:: Assignment ::
Would you please repeat, word for word, only the lines from the one holding "Monogrammat anteckningskort för löpard" through the one holding "Detroit Lions Nfl" in the material below, without the pictures?

:: Data in this exercise ::
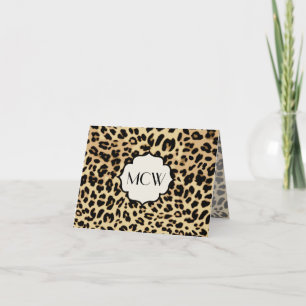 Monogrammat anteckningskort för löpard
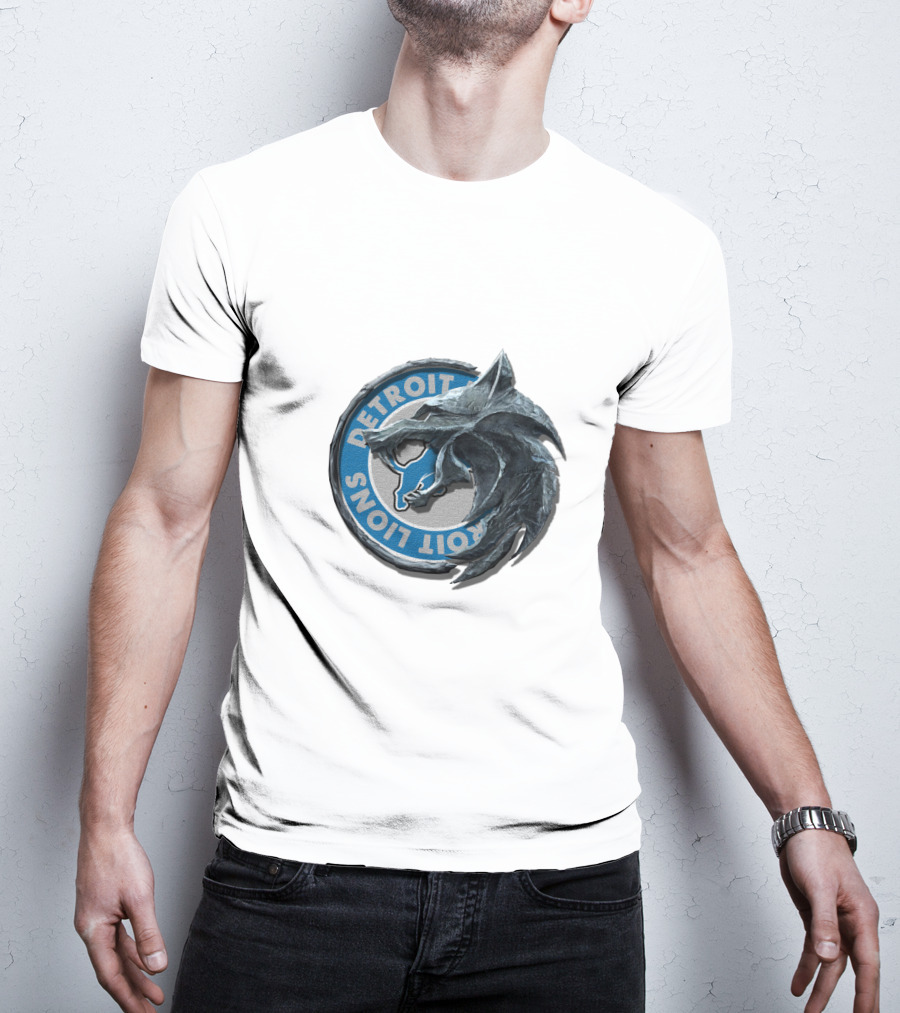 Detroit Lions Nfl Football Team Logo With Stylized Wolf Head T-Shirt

==

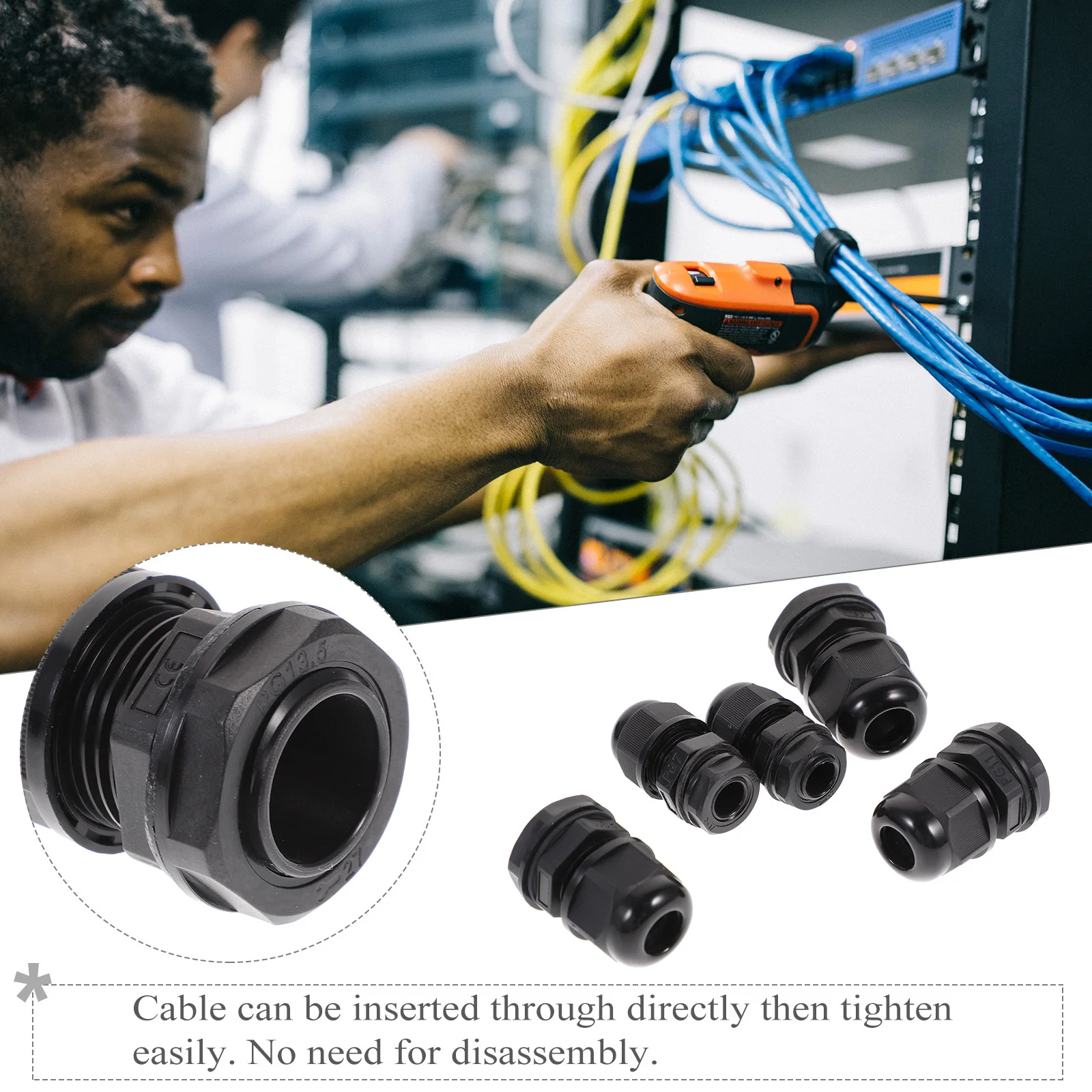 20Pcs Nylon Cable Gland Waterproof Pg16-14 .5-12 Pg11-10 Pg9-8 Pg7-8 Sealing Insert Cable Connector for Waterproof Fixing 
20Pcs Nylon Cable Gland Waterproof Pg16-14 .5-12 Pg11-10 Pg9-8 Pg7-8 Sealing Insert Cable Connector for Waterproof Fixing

:: Output below ::
 Monogrammat anteckningskort för löpard
 Detroit Lions Nfl Football Team Logo With Stylized Wolf Head T-Shirt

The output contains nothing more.